The most common obstacle faced by retailers, however, is the ability to reduce the cost to serve through driving operational efficiency while in parallel encouraging innovation — not stifling it.

The first step towards achieving this is adopting an IT and technology infrastructure that accommodates these needs, and a major step in achieving this is the consolidation of their in-store compute resources. By enabling large-scale consolidation and reducing the physical IT footprint, retailers can benefit from a more efficient infrastructure that naturally drives efficiencies within the store.

Find out how to implement the Store of the Future.

This also enables centralized management and control of the IT infrastructure, combined with Intelligent Automation — an essential requirement for modern retailers. Centralized control and management of your store infrastructure mitigates the expense of sending IT teams out to solve store IT issues while also enabling the retailer to roll out new stores quicker. Intelligent Automation enables all patches, updates and upgrades of your IT infrastructure across all stores to be automated, ensuring you have a more secure and consistent system.

Taking a look at this from a higher-level perspective, the consolidation of in-store compute can also bring about huge security improvements — this is due to the increased levels of currency and control afforded to retailers through centralized management, and the dramatic reduction in potential pathways for hackers to gain access to your systems.
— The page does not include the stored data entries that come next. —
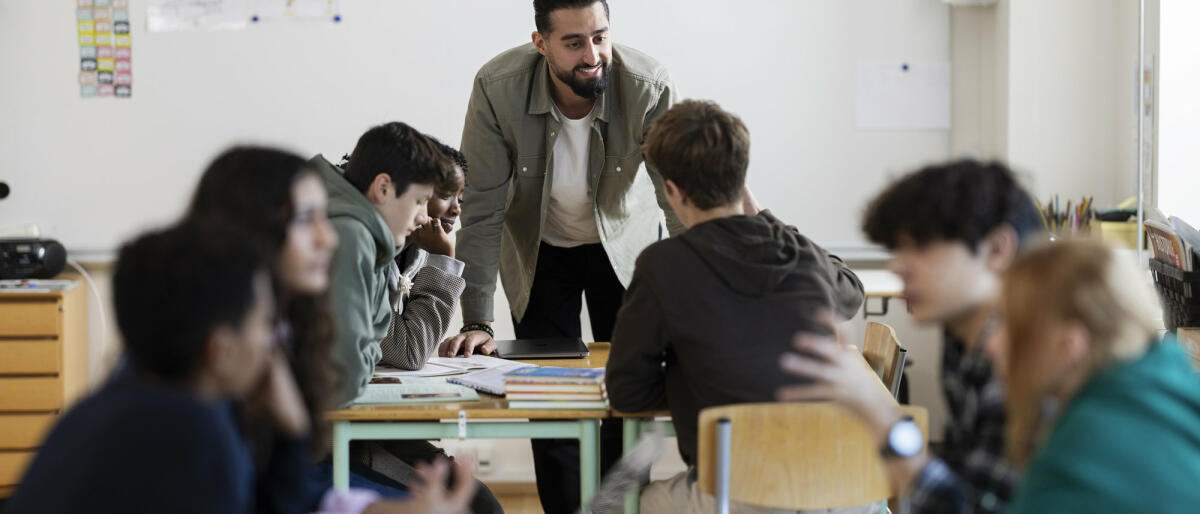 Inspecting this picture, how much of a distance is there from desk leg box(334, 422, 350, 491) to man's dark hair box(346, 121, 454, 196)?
1.51 ft

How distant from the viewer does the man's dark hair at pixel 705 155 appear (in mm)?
1962

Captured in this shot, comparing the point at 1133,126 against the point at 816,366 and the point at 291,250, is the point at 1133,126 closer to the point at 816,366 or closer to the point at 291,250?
the point at 816,366

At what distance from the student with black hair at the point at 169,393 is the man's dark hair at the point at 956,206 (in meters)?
0.69

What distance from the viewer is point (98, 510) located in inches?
33.4

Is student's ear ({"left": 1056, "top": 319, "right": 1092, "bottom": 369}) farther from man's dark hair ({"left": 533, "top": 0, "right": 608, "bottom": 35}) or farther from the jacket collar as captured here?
the jacket collar

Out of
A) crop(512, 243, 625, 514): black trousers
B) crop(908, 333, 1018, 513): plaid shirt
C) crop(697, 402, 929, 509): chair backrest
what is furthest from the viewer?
crop(512, 243, 625, 514): black trousers

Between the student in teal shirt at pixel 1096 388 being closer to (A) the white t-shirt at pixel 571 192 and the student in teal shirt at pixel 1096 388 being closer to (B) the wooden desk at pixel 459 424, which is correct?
(B) the wooden desk at pixel 459 424

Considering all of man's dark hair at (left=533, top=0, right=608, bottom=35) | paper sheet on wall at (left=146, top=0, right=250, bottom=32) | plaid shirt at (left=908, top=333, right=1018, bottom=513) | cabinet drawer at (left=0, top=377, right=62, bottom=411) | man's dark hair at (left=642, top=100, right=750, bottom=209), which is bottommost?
cabinet drawer at (left=0, top=377, right=62, bottom=411)

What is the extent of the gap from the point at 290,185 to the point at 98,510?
1.35 feet

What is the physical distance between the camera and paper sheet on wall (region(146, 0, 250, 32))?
4035 millimetres

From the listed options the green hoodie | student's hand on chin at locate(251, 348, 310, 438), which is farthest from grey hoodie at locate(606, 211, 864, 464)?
student's hand on chin at locate(251, 348, 310, 438)

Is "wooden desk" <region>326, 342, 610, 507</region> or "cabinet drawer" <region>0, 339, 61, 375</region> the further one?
"cabinet drawer" <region>0, 339, 61, 375</region>

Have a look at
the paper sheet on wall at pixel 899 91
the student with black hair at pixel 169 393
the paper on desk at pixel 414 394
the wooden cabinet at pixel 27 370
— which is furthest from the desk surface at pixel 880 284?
the wooden cabinet at pixel 27 370

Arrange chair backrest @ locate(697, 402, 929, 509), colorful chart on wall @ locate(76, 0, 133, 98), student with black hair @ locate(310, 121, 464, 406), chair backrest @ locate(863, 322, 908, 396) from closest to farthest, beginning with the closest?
1. chair backrest @ locate(697, 402, 929, 509)
2. student with black hair @ locate(310, 121, 464, 406)
3. chair backrest @ locate(863, 322, 908, 396)
4. colorful chart on wall @ locate(76, 0, 133, 98) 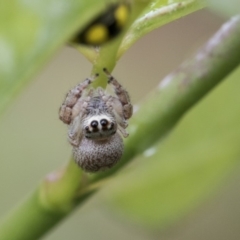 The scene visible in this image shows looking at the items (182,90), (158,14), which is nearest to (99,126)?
(182,90)

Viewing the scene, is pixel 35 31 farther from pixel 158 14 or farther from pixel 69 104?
pixel 69 104

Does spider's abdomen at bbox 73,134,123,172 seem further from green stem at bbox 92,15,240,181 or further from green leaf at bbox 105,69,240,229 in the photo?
green leaf at bbox 105,69,240,229

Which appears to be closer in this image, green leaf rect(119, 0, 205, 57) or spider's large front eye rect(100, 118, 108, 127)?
green leaf rect(119, 0, 205, 57)

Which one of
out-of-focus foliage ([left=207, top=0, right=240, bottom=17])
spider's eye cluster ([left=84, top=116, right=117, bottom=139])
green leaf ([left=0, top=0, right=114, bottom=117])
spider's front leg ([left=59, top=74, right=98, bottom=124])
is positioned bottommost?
out-of-focus foliage ([left=207, top=0, right=240, bottom=17])

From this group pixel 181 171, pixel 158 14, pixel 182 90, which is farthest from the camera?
pixel 181 171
All too often we hear about retailers suffering from serious data breaches, and this can also have operational knock-on effects.

At the core of consolidation is virtualization — something that does not only have an impact on back office systems, but also important in-store technologies including POS and self-checkout terminals. This allows retailers to virtualise their existing POS application onto a centrally managed store server while maintaining exactly the same appearance and functionality as before.  This can help to massively improve POS terminal performance, with less downtime and reduced maintenance costs, and to regularly update and apply patches to individual terminals from a central point. It also helps to significantly extend the life of existing POS terminals.

Another emerging retail trend that can increase efficiency and drive staff productivity is the use of mobile POS tablets, which staff can use to take payments from anywhere within a store, thereby reducing and perhaps even eliminating queues. These virtualised and fully functional tablets are the ideal solution for those looking to introduce innovative tools into their bricks-and-mortar stores, and the operational advantages are obvious.

Reduce lines, increase sales and improve customer service.

The potential of mobile POS tablets transcends business needs and can also have a major impact on the in-store customer experience. If staff are empowered to be more productive and get out from behind the counter, this can often result in customers feeling more valued and satisfied with the interactions they’ve had with a sales advisor.

Finally, businesses cannot underestimate the importance of ensuring any technologies they adopt to improve efficiency are compliant. With regulations like the PCI-DSS and GDPR making headlines at the moment, all retailers must ensure they are operating within the relevant guidelines, and should not sacrifice the risk of non-compliance for other benefits.

Conclusion

The battleground has moved to the edge – in the physical store. Retailers need to find new ways to drive optimal operational efficiency in-store if they are going to survive and thrive in today’s environment, and technology will undoubtedly play a huge part in enabling this. Only by doing this will they meet the expectations and demands of customers today. There are too many examples of computer resources being wasted in-store when there are new technologies available today that can transform these resources to deliver a better performance and better experience at a lower cost to serve. It may be a challenging balancing act, but if businesses can adopt innovative technologies that are both efficient and cost-effective while simultaneously delivering a seamless customer experience, retailers will be able to enjoy strong success in a challenging landscape.